Look what the FedEx guy dropped off today.









Sent from my SM-G900R4 using Tapatalk


----------



## Nightmistx22 (Mar 30, 2017)

Nice! That should put some boom in the boot. 

Maybe I missed it.... but I thought you were going with a single 15 sealed. Looks like now your going with XRs IB setup.


----------



## XtremeRevolution (Jan 19, 2012)

I can't wait to hear your impressions once the install is done. 

Sent from my STV100-1 using Tapatalk


----------



## JerryGash (May 5, 2017)

Nightmistx22 said:


> Nice! That should put some boom in the boot.
> 
> Maybe I missed it.... but I thought you were going with a single 15 sealed. Looks like now your going with XRs IB setup.


Lol! The IB setup just has so many advantages over a sealed enclosure it was kind of a no brainer. Cost was comparable, build time probably about the same, you get more than twice the cone area and use less trunk space than a sealed box would.

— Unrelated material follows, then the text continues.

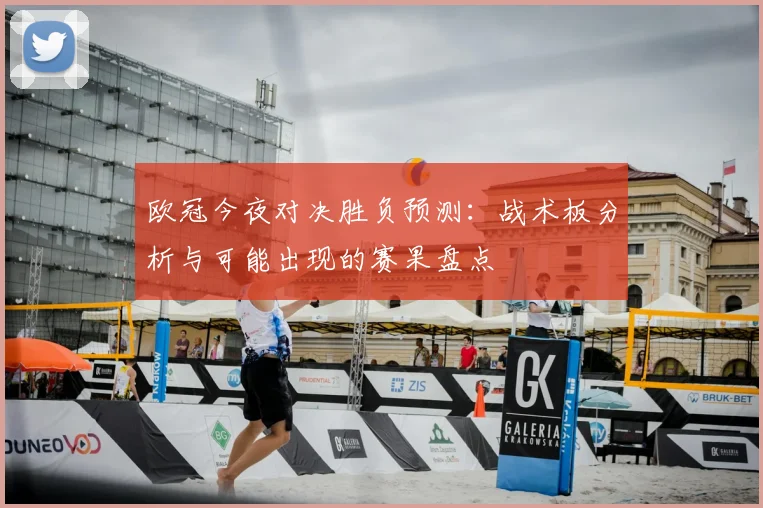 欧冠今夜对决胜负预测：战术板分析与可能出现的赛果盘点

I play bass guitar and have played on Peavey Black Widows for years. Having a chance to hear a couple of 18's using the entire car as a cabinet kind of gave me a stiffy.

I also just ordered a CAB 1600.1 to power them. 

Certified:

4 Ohm 694W @ 14.4v
2 Ohm 1255W @ 14.2v
1 Ohm 1608W @ 14.2v

Hopefully Madisound gets their Silver Flute shipment soon!


Sent from my SM-G900R4 using Tapatalk


----------



## bostonboy (Apr 8, 2015)

I still looking for an answer on where to grab an audio source from, on the amp before or after the amp in the rear?


----------



## XtremeRevolution (Jan 19, 2012)

bostonboy said:


> I still looking for an answer on where to grab an audio source from, on the amp before or after the amp in the rear?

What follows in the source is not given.